> [REQUIREMENT] Write out the entries again. Match each one exactly.

**** DATA TO PROCESS ****

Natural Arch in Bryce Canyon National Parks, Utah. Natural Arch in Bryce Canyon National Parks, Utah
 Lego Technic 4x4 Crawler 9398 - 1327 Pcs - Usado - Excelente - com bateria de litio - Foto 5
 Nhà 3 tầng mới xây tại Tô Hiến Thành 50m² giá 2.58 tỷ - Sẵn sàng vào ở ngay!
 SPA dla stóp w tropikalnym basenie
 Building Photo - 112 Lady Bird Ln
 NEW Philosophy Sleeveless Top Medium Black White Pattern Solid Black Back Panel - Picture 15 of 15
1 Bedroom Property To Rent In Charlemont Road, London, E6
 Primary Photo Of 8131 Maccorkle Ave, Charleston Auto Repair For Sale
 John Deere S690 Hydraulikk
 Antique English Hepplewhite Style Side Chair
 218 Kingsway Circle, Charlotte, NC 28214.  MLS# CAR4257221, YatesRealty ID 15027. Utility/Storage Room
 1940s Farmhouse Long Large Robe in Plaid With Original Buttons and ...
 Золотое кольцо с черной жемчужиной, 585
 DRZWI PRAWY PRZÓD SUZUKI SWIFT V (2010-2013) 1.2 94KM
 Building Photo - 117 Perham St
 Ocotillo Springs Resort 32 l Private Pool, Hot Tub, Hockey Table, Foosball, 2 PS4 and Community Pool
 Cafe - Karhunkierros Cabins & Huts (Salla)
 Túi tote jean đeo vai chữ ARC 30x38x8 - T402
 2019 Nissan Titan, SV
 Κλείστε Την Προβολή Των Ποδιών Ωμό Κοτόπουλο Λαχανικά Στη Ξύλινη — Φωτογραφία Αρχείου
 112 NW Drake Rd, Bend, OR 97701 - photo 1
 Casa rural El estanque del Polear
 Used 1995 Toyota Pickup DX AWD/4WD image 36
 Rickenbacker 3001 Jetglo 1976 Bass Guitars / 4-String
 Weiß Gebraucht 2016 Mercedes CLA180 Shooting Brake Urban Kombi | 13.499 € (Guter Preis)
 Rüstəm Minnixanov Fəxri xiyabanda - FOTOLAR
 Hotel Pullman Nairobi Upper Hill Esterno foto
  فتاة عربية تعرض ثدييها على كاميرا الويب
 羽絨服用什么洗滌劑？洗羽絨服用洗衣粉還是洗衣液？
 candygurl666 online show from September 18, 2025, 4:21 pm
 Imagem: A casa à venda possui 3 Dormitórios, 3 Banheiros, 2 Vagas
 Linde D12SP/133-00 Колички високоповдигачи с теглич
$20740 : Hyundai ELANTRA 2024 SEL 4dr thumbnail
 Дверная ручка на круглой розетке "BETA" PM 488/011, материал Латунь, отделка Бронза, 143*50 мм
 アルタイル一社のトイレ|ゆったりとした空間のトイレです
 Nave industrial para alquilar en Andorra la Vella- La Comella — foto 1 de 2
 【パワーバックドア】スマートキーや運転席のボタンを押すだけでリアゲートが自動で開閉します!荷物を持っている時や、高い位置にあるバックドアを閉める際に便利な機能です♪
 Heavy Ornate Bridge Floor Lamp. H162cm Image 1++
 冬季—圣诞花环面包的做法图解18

****

> [RESULT OF THE TASK]
Natural Arch in Bryce Canyon National Parks, Utah. Natural Arch in Bryce Canyon National Parks, Utah
 Lego Technic 4x4 Crawler 9398 - 1327 Pcs - Usado - Excelente - com bateria de litio - Foto 5
 Nhà 3 tầng mới xây tại Tô Hiến Thành 50m² giá 2.58 tỷ - Sẵn sàng vào ở ngay!
 SPA dla stóp w tropikalnym basenie
 Building Photo - 112 Lady Bird Ln
 NEW Philosophy Sleeveless Top Medium Black White Pattern Solid Black Back Panel - Picture 15 of 15
1 Bedroom Property To Rent In Charlemont Road, London, E6
 Primary Photo Of 8131 Maccorkle Ave, Charleston Auto Repair For Sale
 John Deere S690 Hydraulikk
 Antique English Hepplewhite Style Side Chair
 218 Kingsway Circle, Charlotte, NC 28214.  MLS# CAR4257221, YatesRealty ID 15027. Utility/Storage Room
 1940s Farmhouse Long Large Robe in Plaid With Original Buttons and ...
 Золотое кольцо с черной жемчужиной, 585
 DRZWI PRAWY PRZÓD SUZUKI SWIFT V (2010-2013) 1.2 94KM
 Building Photo - 117 Perham St
 Ocotillo Springs Resort 32 l Private Pool, Hot Tub, Hockey Table, Foosball, 2 PS4 and Community Pool
 Cafe - Karhunkierros Cabins & Huts (Salla)
 Túi tote jean đeo vai chữ ARC 30x38x8 - T402
 2019 Nissan Titan, SV
 Κλείστε Την Προβολή Των Ποδιών Ωμό Κοτόπουλο Λαχανικά Στη Ξύλινη — Φωτογραφία Αρχείου
 112 NW Drake Rd, Bend, OR 97701 - photo 1
 Casa rural El estanque del Polear
 Used 1995 Toyota Pickup DX AWD/4WD image 36
 Rickenbacker 3001 Jetglo 1976 Bass Guitars / 4-String
 Weiß Gebraucht 2016 Mercedes CLA180 Shooting Brake Urban Kombi | 13.499 € (Guter Preis)
 Rüstəm Minnixanov Fəxri xiyabanda - FOTOLAR
 Hotel Pullman Nairobi Upper Hill Esterno foto
  فتاة عربية تعرض ثدييها على كاميرا الويب
 羽絨服用什么洗滌劑？洗羽絨服用洗衣粉還是洗衣液？
 candygurl666 online show from September 18, 2025, 4:21 pm
 Imagem: A casa à venda possui 3 Dormitórios, 3 Banheiros, 2 Vagas
 Linde D12SP/133-00 Колички високоповдигачи с теглич
$20740 : Hyundai ELANTRA 2024 SEL 4dr thumbnail
 Дверная ручка на круглой розетке "BETA" PM 488/011, материал Латунь, отделка Бронза, 143*50 мм
 アルタイル一社のトイレ|ゆったりとした空間のトイレです
 Nave industrial para alquilar en Andorra la Vella- La Comella — foto 1 de 2
 【パワーバックドア】スマートキーや運転席のボタンを押すだけでリアゲートが自動で開閉します!荷物を持っている時や、高い位置にあるバックドアを閉める際に便利な機能です♪
 Heavy Ornate Bridge Floor Lamp. H162cm Image 1++
 冬季—圣诞花环面包的做法图解18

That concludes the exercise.